O governo não se comprometeu a cortar despesas?
Haverá também o foco maior na receita do que na despesa. Vão querer fazer uma regra em que a despesa pode aumentar quando a receita estiver crescendo mais. Mas isso é um movimento pró-cíclico: se estimular gastos com economia acelerada, vai induzir o superaquecimento e, mais à frente, a inflação. O pacote anunciado em janeiro pelo ministro Fernando Haddad, focado na receita, é um exemplo. Não vejo esforço político em cortar despesas, ao contrário: governo vem anunciando aumento do salário mínimo e do teto do imposto de renda, por exemplo.

Quais seriam os efeitos negativos de um arcabouço fiscal frouxo?
Primeiro, uma desancoragem da inflação, o que curiosamente vai ajudar o lado fiscal. A inflação é como droga: num primeiro momento dá um barato, mas as consequências vêm em seguida. Foi o que ocorreu em 2021 e 2022: o PIB cresce, a relação dívida/PIB cai, a arrecadação cresce rapidamente quando a inflação sobe, a despesa vai sendo corroída, mas depois é ajustada pela inflação. Se o governo não der um rumo fiscal em dois anos, sem medidas efetivas que demonstrem a sustentabilidade da dívida, a inflação pode ir para 10%. Quando ela muda de patamar fica mais difícil voltar atrás. O governo está criando para si uma armadilha, pois está prometendo muito nesse arcabouço e corre o risco de a montanha parir um rato. E, se isso acontecer, é possível que tenha uma reação do Congresso Nacional, que deve substituir a proposta frouxa por algo mais duro.
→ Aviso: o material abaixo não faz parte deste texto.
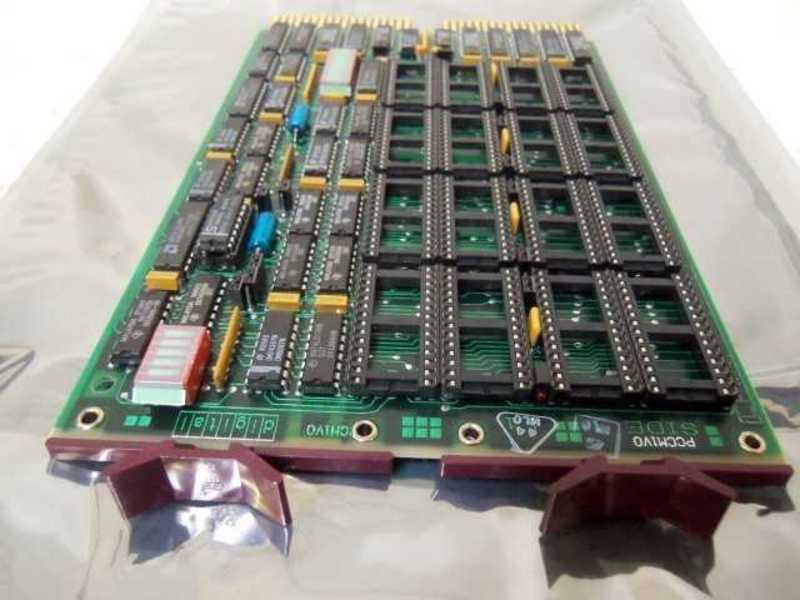 DIGITAL MRV11-D PCCM1V0  NSMP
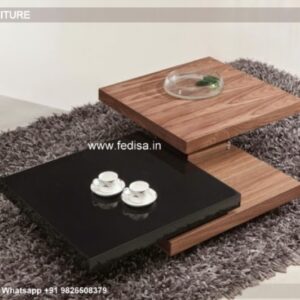Glass Coffee Table, Beautiful Coffee Tables Coffee & Center Table Online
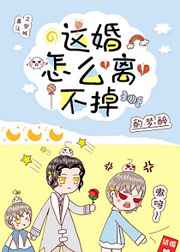 武汉理工大学理学院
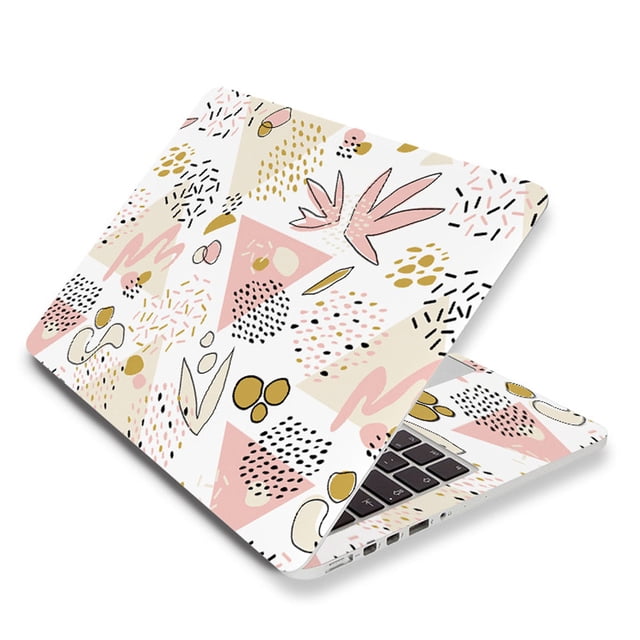 Pequeño bolso bandolera para teléfono móvil, funda para teléfono móvil con cartera colgante, bolso bandolera de piel sintética, pasaporte, funda para teléfono móvil con ranura para tarjetas, correa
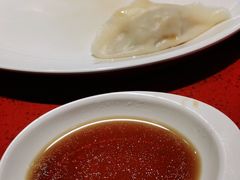 -喜家德虾仁水饺(长泰广场店)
"Se o governo não der um rumo fiscal em dois anos, sem medidas efetivas que
demonstrem a sustentabilidade da dívida,
a inflação pode ir para 10%"

O governo aposta também na reforma tributária. A aprovação traria um alívio?
É importante destacar o amadurecimento de todos os segmentos pela aprovação da reforma. Quem reagia contra eram os governadores, mas perceberam que a arrecadação de ICMS como imposto está morrendo e vão aderir. Há outros segmentos que devem resistir, como os ligados à Zona Franca de Manaus e alguns municípios, por causa do ISS. Sobre a resistência do setor de serviços, que alega que vai pagar mais imposto e onerar a classe média, é preciso fazer algumas considerações.
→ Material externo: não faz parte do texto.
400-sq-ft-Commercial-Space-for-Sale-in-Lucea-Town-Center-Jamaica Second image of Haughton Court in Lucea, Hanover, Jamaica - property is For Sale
Quais são essas considerações?
Primeiro, não serão mudados todos os preços, e sim alguns da cesta básica, sem necessariamente aumentar o custo de vida da classe média. Segundo, o impacto para o setor é superestimado. Com o IVA, vão poder abater de seu imposto todos os insumos que teriam de ser tributados. Terceiro, o pessoal de serviços está no Simples, que não vai ser afetado pela reforma. Alguma adaptação ou mecanismo de transição é factível e está prevista na reforma. A aprovação não vai ser um passeio, mas acho que está encaminhada.
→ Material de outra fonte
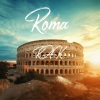 RAK - Centro Storico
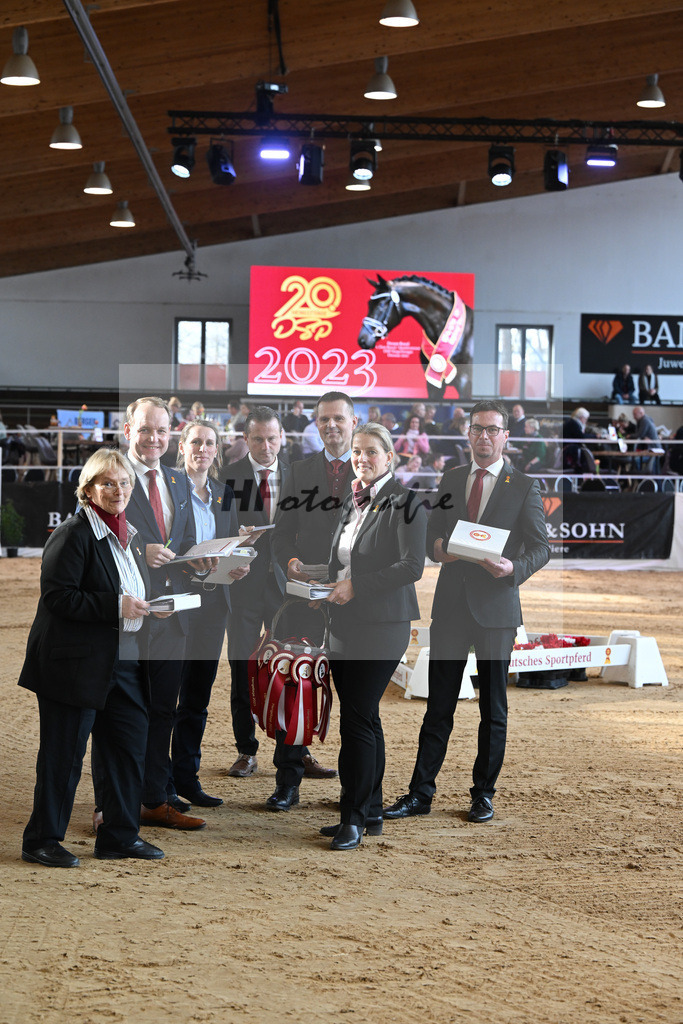 Impressionen_1230652 | hf-fotografie - Realisiert mit Pictrs.com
O senhor organizou no ano passado um livro bem interessante, “Para não esquecer: políticas públicas que empobrecem o Brasil”. Quais dessas políticas públicas equivocadas corremos o risco de serem adotadas pelo atual governo?
Várias delas podem voltar. Por mais que o presidente do BNDES diga que não vai ter subsídio, que não vai mudar a TLP (Taxa de Longo Prazo, de juros), tudo o que ele fala é no sentido contrário. Temo a política de expansão do MEI (Microempreendedor Individual), que já se mostrou pouco eficaz para incluir trabalhadores de baixa renda no mercado formal e tem alto custo fiscal. Tem ainda o controle de preços de combustíveis, que o presidente da Petrobras pode retomar, a interferência e até ressureição de estatais que seriam privatizadas. E, por fim, da política monetária, já se demonstrou que reduzir a taxa Selic não é cloroquina econômica, mas querem caminhar nessa direção novamente.

"O que preocupa é que passamos por um processo de polarização política nos últimos anos, com um político à direita e outro à esquerda. Os métodos, embora distantes politicamente, são parecidos"

Muitos desses erros foram cometidos nos governos anteriores do PT. Faltou reconhecer o que não deu certo?
Na verdade, avaliam que não erraram. Criou-se internamente no PT a lenda de que o que derrubou a economia foi o fato de o Aécio Neves ter contestado a eleição da presidente Dilma Rousseff. Ou porque o Joaquim Levy fez um "austericídio" em 2015. Sempre criam um bode expiatório externo. O que preocupa é que passamos por um processo de polarização política nos últimos anos, com um político à direita e outro à esquerda. Os métodos, embora distantes politicamente, são parecidos. Um deles é desmontar algo essencial para o crescimento econômico, que é a estabilidade das instituições. Bolsonaro contestou o STF, a lei das estatais que não o deixava mexer no preço da gasolina, o equilíbrio federativo com os governadores e atuou contra o teto de gastos. O Lula entra na mesma linha, contra a estabilidade fiscal e monetária, a autonomia do BC e das agencias reguladoras.

Quais são as consequências desse tipo de comportamento para o País?
Esse movimento dos dois lados de desmonte das instituições vai corroendo a capacidade do País de crescer a longo prazo. Agora, o governo Lula tem a grande oportunidade de consertar os erros da gestão Bolsonaro na questão da política ambiental e atrair capital relacionado a essa área. Temos também potencial de energia limpa. Mas precisamos organizar as políticas públicas em torno disso, a pesquisa e a capacidade do país de captar recursos, e avançar no mercado de carbono internacional.